■ Problem description ■
Instruction for the data below: set down exactly the lines from the line with "Sujetador transparente sexy" to the line with "Pet Supplies Silicone", inclusive, and no others.

■ Supplied material ■
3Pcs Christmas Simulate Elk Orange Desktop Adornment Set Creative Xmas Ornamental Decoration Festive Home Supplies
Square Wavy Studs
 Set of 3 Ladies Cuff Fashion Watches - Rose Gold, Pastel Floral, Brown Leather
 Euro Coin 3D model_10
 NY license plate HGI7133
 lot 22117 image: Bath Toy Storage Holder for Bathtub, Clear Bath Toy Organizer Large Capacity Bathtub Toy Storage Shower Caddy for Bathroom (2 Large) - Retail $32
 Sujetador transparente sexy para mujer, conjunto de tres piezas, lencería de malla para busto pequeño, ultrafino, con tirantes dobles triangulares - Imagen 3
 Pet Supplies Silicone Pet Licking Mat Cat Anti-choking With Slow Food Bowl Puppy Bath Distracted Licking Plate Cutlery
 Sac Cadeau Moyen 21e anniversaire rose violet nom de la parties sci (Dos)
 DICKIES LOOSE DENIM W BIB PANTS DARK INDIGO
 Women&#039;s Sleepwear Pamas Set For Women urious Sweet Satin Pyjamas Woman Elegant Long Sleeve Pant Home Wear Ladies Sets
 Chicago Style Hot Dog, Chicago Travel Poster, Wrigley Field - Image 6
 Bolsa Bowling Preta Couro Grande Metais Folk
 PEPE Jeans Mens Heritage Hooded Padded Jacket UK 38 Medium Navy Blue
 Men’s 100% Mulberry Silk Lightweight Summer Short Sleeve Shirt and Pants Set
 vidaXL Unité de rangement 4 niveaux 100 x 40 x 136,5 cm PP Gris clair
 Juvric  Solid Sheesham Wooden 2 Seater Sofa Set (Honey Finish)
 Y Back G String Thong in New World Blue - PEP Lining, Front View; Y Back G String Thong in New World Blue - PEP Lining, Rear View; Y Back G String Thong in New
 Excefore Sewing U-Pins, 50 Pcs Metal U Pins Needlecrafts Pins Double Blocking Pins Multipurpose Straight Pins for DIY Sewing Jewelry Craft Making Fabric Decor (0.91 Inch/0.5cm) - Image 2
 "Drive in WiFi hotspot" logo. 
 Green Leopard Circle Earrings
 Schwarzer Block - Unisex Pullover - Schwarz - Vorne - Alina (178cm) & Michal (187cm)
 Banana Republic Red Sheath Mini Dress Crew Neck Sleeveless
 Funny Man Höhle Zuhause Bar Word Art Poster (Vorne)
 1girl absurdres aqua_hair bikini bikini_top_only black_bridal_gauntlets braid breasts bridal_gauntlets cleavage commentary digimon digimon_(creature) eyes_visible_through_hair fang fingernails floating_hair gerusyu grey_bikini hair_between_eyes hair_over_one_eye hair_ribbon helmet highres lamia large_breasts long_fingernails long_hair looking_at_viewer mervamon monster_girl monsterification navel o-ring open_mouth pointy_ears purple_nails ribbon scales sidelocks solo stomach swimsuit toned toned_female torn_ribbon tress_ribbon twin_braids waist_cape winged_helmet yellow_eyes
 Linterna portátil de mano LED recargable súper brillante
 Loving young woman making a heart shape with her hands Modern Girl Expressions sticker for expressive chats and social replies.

■ Written solution ■
 Sujetador transparente sexy para mujer, conjunto de tres piezas, lencería de malla para busto pequeño, ultrafino, con tirantes dobles triangulares - Imagen 3
 Pet Supplies Silicone Pet Licking Mat Cat Anti-choking With Slow Food Bowl Puppy Bath Distracted Licking Plate Cutlery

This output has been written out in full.